Dari situlah aku punya anggapan, kalau sebelum menikah, perempuan tidak harus bisa memasak. Buktinya adalah aku.

Saat masih lajang, aku benar-benar tak bisa memasak. Semasa kuliah aku hanya bisa memasak mie instan. Karena jarang di rumah, sehari-hari harus berkutat di kampus dan TK (mengajar di TK), kemudian ibuku adalah seorang ibu rumah tangga, yang ada aku hanya jadi tukang makan doang.

Soal perbumbuan, aku kenal sejak SD. Karena suka main masak-masakan (suka ngambil bahan-bahan dapur ibu) dan aktif di pramuka (karena terpaksa tuntutan nilai). Sudah, karena itu aku tahu mana bedanya ketumbar dan merica, mana kunyit mana kencur.

Lulus kuliah, jeda dua bulan setelah wisuda aku langsung menikah. Mana ada acara kursus memasak. Hahaha. Aku justru heboh mempersiapkan pernikahanku yang serba 'aku' semua. Bikin undangan sendiri, ditambah siang malam berkutat dengan souvenir pernikahan.

Lebaran kemarin aku bikin nastar sendiri. Belajarnya, ya, dari internet.

Sumpah, nggak ada waktu untuk kursus memasak. Toh, tak ada dana untuk itu.

Kini, meskipun tak pandai-pandai banget, aku bisa memasak. Terkhusus makanan kesukaan suami.

Hahaha.

Santai, masakan kesukaan suamiku mudah banget kok buatnya, cukup didihkan air, kasih garam dan gula, kemudian masukkan mentimun. Itu namanya plonco.

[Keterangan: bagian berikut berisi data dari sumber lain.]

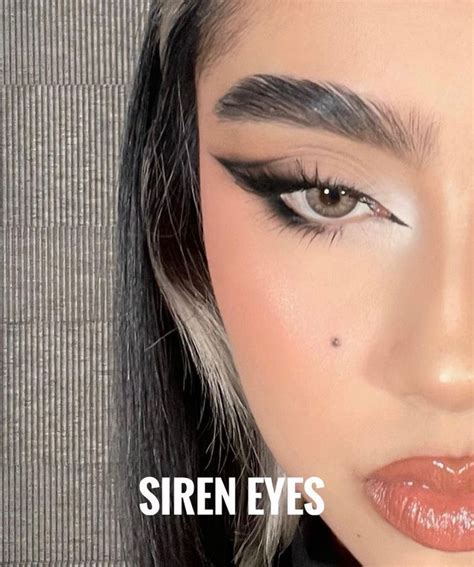 How to do Siren Eyes Eye Makeup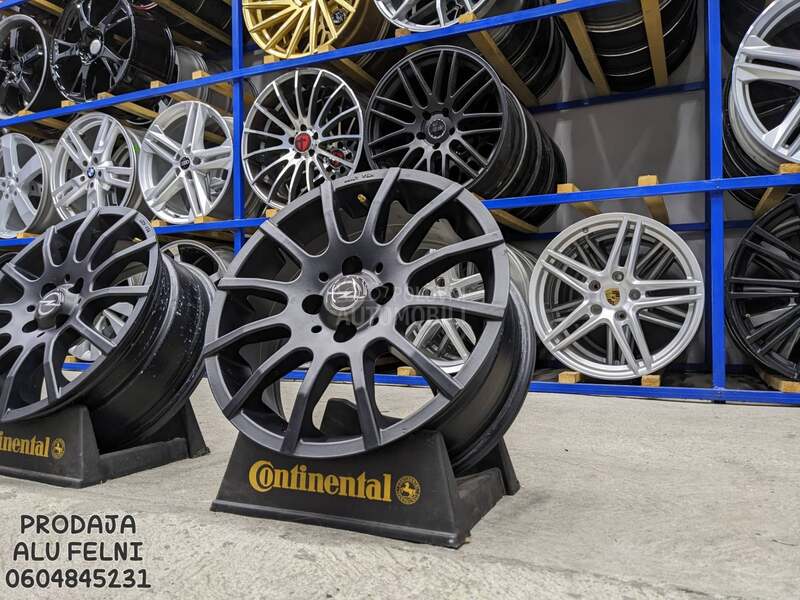 Aluminijumske felne OPEL 15" 4 x 100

Ditemani dengan ikan asin hangat dan sambal terasi, suami sudah hepi dan lahap makanannya.

Masak begitu doang, sudah diganjar pahala sama Allah, pun suami benar-benar merasa diperhatikan. Soalnya menu makanan itu tidak ada yang suka di keluargaku. Kalau bukan aku yang buatin, siapa lagi?

Sampai sini, aku percaya kalau keadaan akan 'memaksa' seseorang mau belajar memasak setelah menikah. Demi siapa? Suami dan nantinya akan ditambah dengan anak.

Masih tentang keadaan, semenjak ibuku jadi ibu pekerja alias ikut ke pasar bapakku, mau tidak mau kalau ibu tidak sempat memasak karena capek, ya, aku yang memasak.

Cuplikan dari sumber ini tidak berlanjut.